So far so good.  Personally I find the concept of going back to a 
vendor (whther it be Ousterhout or Stallman) and saying 'your product
doesn't work under FreeBSD.  Here are some patches, and oh by the way we
totally mutilated your source to make it fit our particular pet build 
process so you'll have to pick the real changes from the chaff.' 
particularly ridiculous.

If the current build scheme can't handle third-party build structures
in some sensible fashion, then it is _BROKEN_ from the point of view of
the useful continuation of the expansion of FreeBSD.

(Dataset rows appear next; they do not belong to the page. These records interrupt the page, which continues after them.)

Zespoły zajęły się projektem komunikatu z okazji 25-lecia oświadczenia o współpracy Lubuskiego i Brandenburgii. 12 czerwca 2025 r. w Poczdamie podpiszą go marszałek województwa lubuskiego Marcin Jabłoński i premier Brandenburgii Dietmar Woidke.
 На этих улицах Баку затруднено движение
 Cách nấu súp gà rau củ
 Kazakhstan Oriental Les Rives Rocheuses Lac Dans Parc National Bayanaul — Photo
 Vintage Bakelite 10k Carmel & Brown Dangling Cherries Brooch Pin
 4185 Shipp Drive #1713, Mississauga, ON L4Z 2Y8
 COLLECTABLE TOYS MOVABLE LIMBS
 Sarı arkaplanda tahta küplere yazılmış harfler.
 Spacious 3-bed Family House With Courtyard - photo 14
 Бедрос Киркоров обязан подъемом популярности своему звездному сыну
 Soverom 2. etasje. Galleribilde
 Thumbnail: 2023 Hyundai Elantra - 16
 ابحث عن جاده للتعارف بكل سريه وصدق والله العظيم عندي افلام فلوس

Garret, Paul et al., this was discussed last time the import of gcc 2.7.2
was raised.  I can only assume that you decided the issue was beneath 
yourselves and killed the thread.

The conclusion that was reached last time was that a framework which
maintained the original build structure would be highly desirable
from the point of view of working more closely with vendors.

Nate's comments about Flex are telling.  His insistence that he hasn't
upgraded it "because it wasn't necessary" aren't borne out by the
continuing questions being asked along the lines of "the Flex in /usr/bin
is version a.b.c which is really old and has lots of bugs and can't be
used to compile XYZ, you need version i.j.k instead".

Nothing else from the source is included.